◆ REQUIRED ACTION
Copy exactly the lines of the material below that fall between the line with "405 90|خودرو سواری" and the line with "fendi closed jumper", both of those lines included; pictures stay out.

◆ EXERCISE DATA
--- START ---
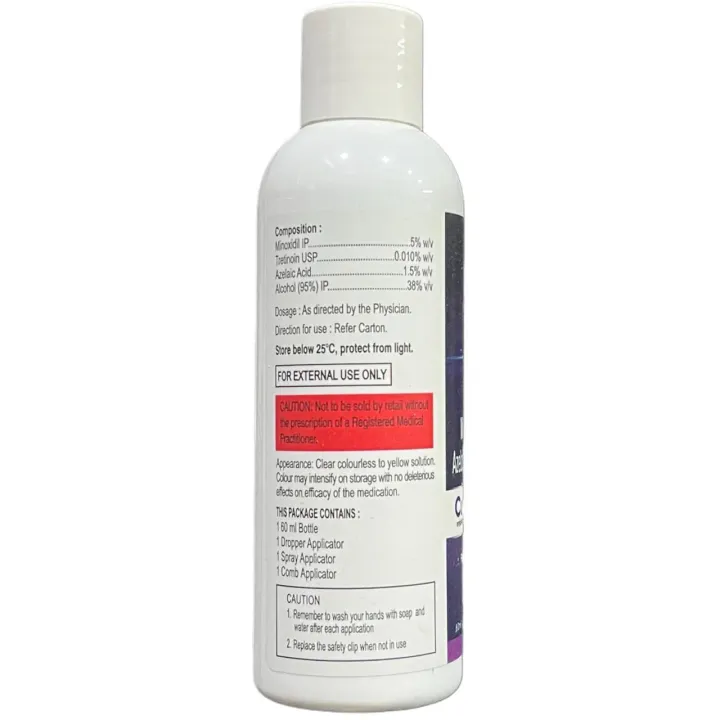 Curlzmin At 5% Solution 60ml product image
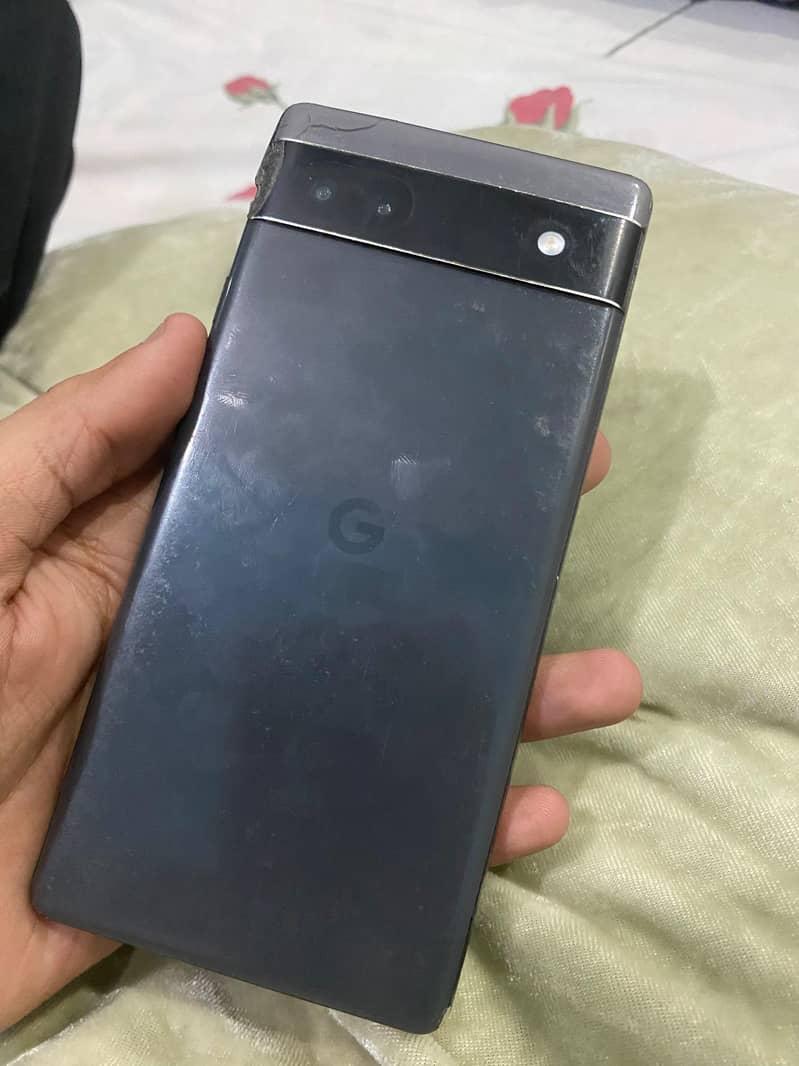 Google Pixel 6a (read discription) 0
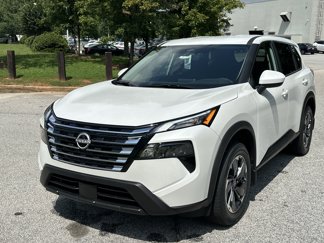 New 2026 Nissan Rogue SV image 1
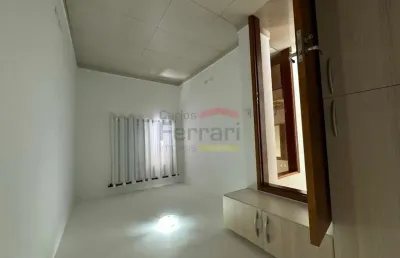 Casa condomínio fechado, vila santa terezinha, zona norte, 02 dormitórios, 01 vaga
--- END ---
--- START ---
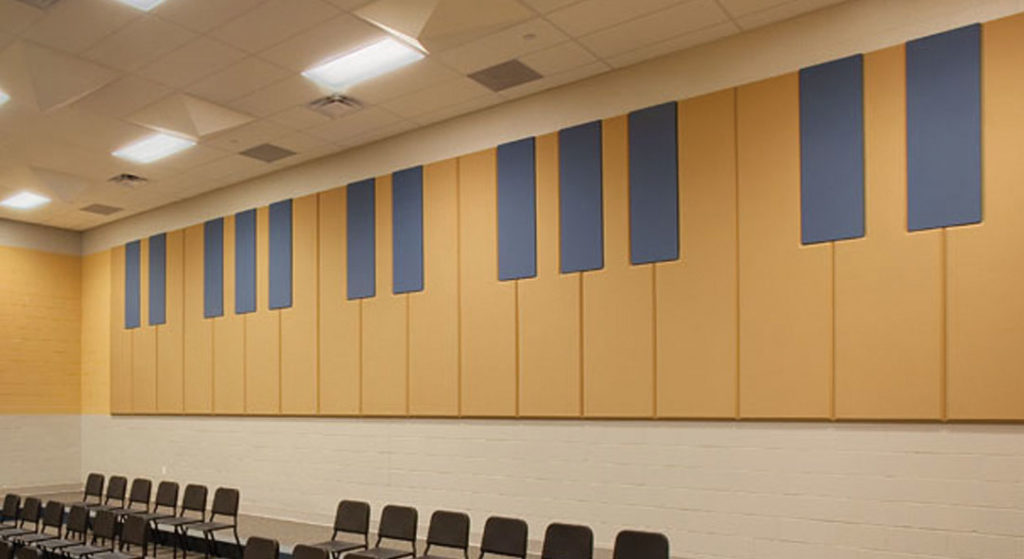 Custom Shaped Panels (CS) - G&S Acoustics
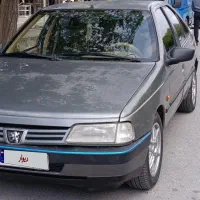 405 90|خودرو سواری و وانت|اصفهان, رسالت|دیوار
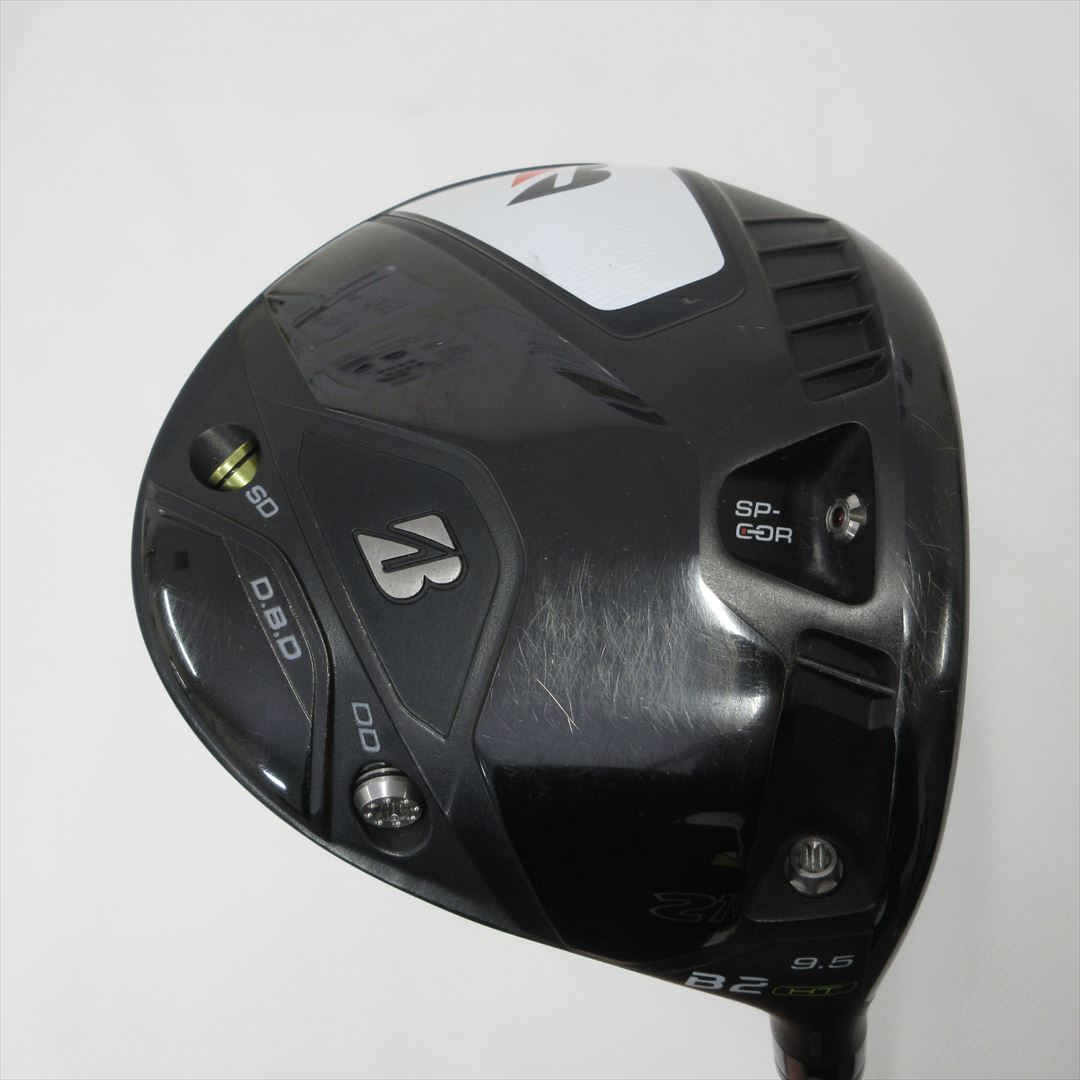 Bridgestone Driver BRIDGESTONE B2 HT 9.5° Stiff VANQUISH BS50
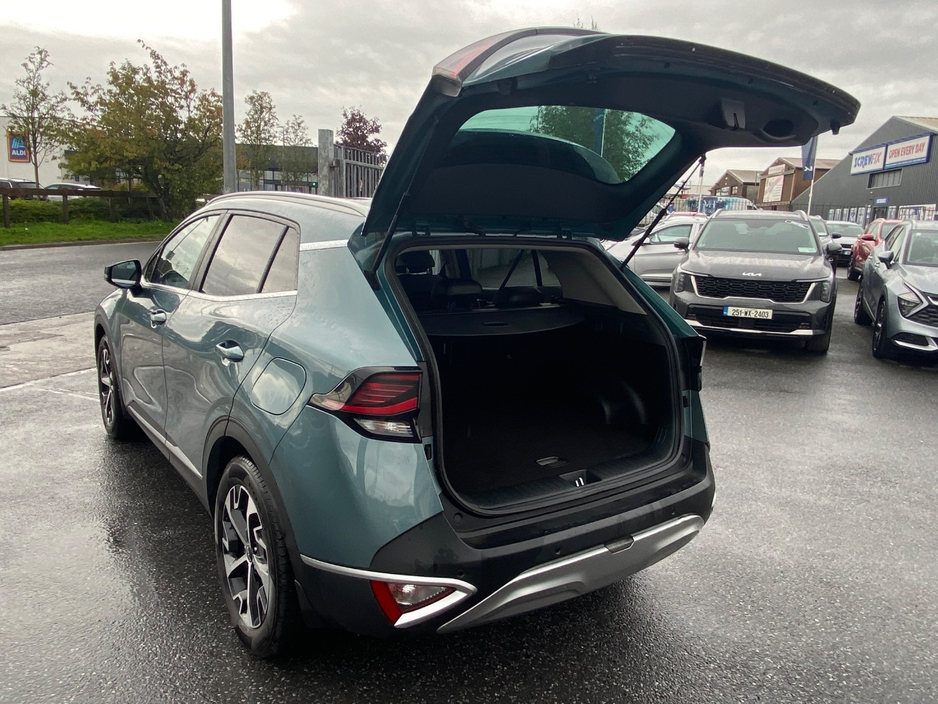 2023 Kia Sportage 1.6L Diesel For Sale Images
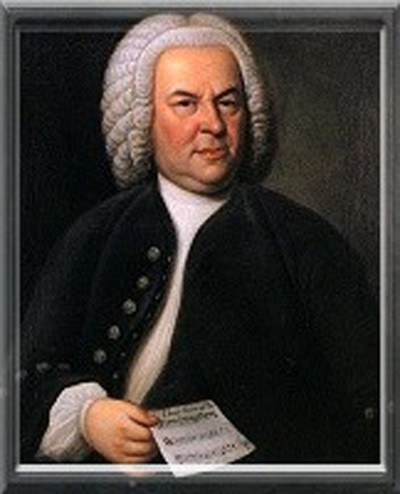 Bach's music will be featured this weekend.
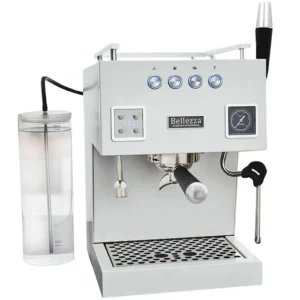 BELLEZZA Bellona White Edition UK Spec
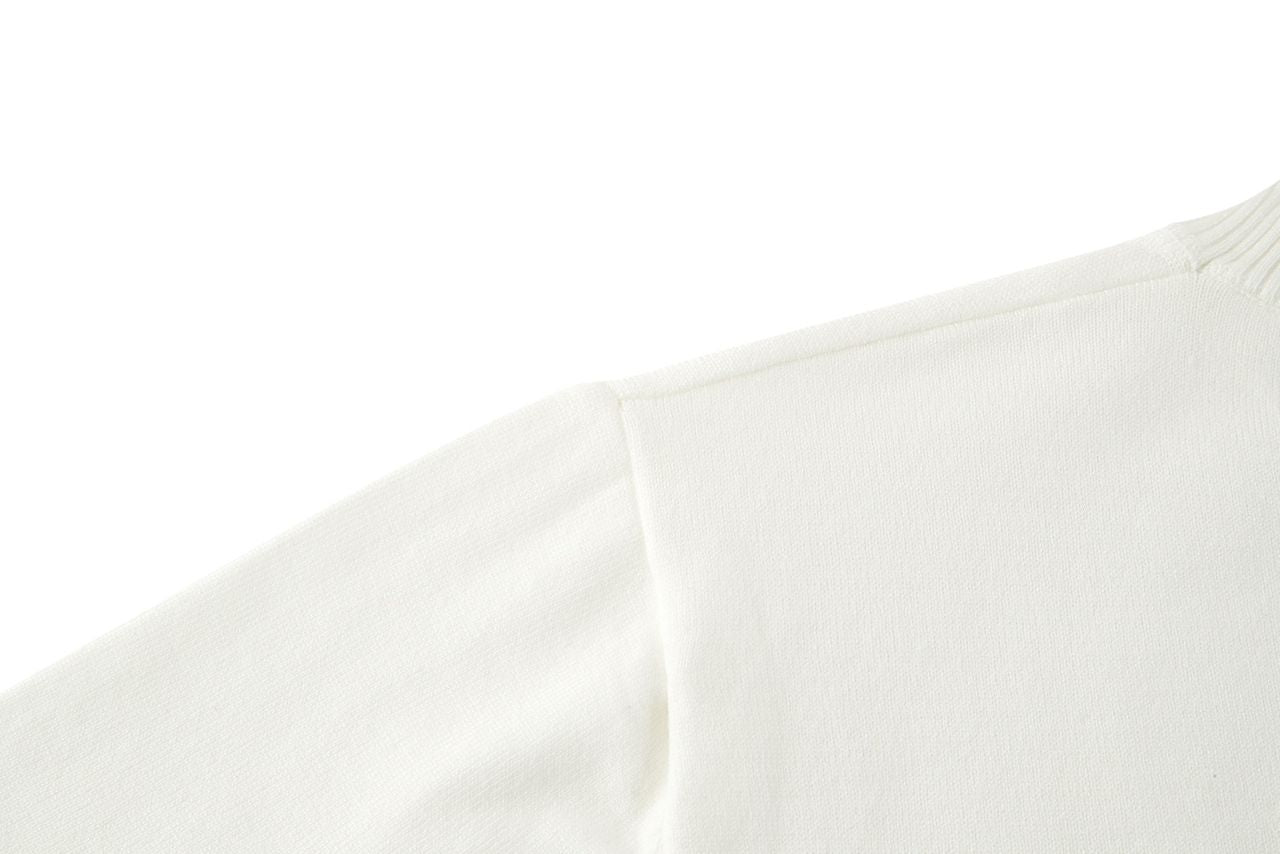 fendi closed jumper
--- END ---
--- START ---
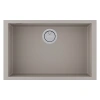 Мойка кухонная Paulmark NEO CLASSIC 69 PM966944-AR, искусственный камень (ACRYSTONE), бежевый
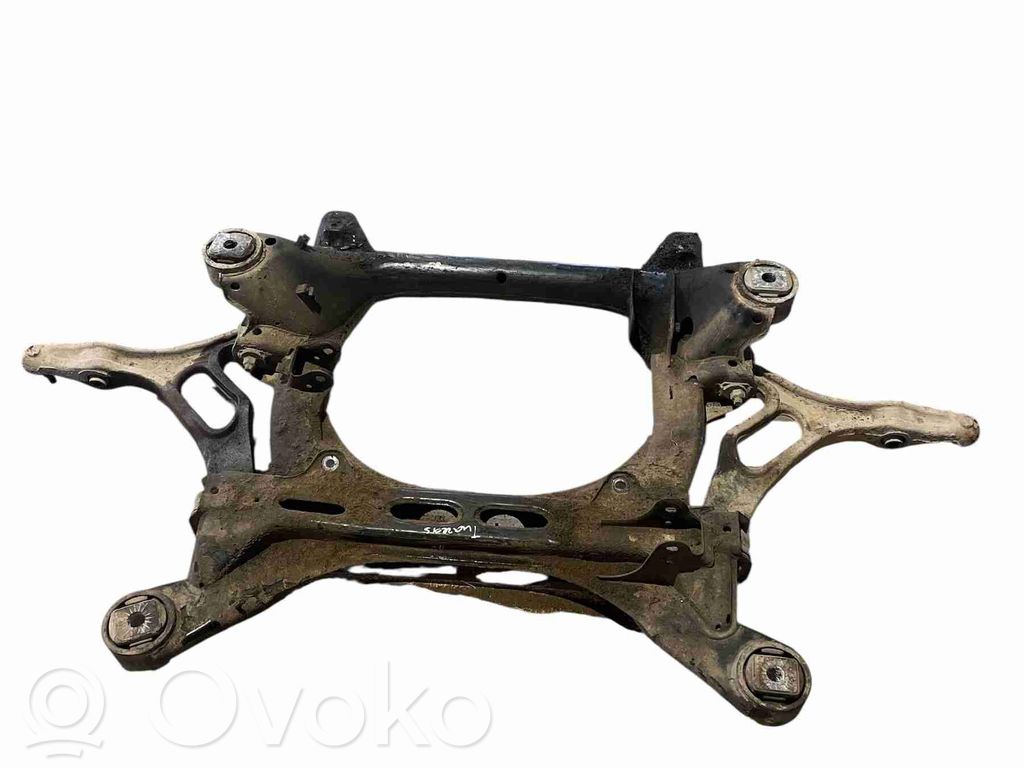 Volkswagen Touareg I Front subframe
--- END ---
◆ YOUR RESPONSE
 405 90|خودرو سواری و وانت|اصفهان, رسالت|دیوار
 Bridgestone Driver BRIDGESTONE B2 HT 9.5° Stiff VANQUISH BS50
 2023 Kia Sportage 1.6L Diesel For Sale Images
 Bach's music will be featured this weekend.
 BELLEZZA Bellona White Edition UK Spec
 fendi closed jumper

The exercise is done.